How to Use Dignity in a Reading

Once you’re used to thinking of the cards as playing nicely or not with one another, you can read the dignity of each card to determine whether it’s strongly or weakly disposed – that is to say, whether you read the “upright” or “reversed” meaning. This can get more complex as you go: rather than just using dignity as a replacement for flipping half the deck upside down, you can get extra data about the situation. If the “resources at your disposal” card is the only wand in a spread of cups, your resources, no matter how nice, aren’t going to be very helpful in this specific situation. Your enemy may be the King of Swords but everyone else in the situation is a Coin – they may have the best plan in the world, but if you focus on the material aspects of the conflict you’ve got a better chance than that king does.
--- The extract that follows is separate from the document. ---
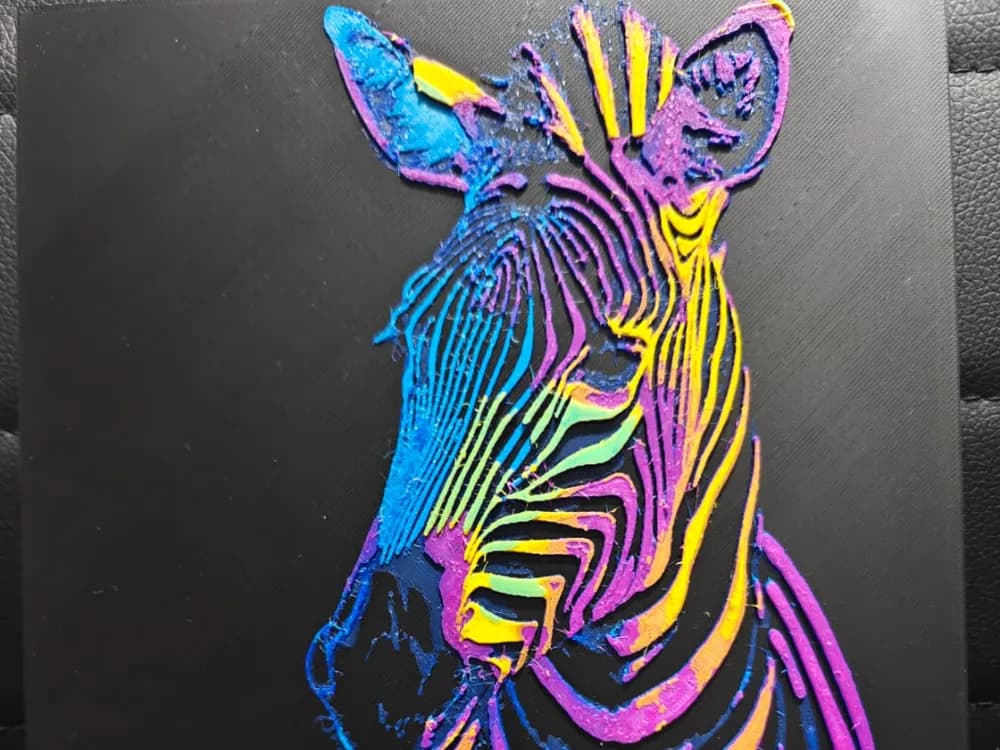 Zebra Pop Art 1 AMS only by TheHueforgeLady HueForge model: Zebra Pop Art 1 AMS only by TheHueforgeLady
Apart from a skill you may or may not have already practiced, what this exercise will do is to give you some experience looking at one card and then reading it in context. With dignities, no card is ever totally isolated.

Summary

Let’s loop back around. Contact your new partner and prep two questions or one big topic that can produce two questions. Then, when you perform your own readings, do the first with reversals and the second with the above dignity method. When you write up your experiences, consider of course which you think you prefer, but also how you might use either method even if you don’t do it this exact way again. What’s good about each method? If you felt you were struggling to connect cards together, has this helped? Does it produce information you didn’t think you had before? Or, and this is an option, was it totally useless? Hopefully not totally, since it’s good exercise, but not everyone likes doing wind sprints either I guess. Me. I’m the person who doesn’t like doing wind sprints.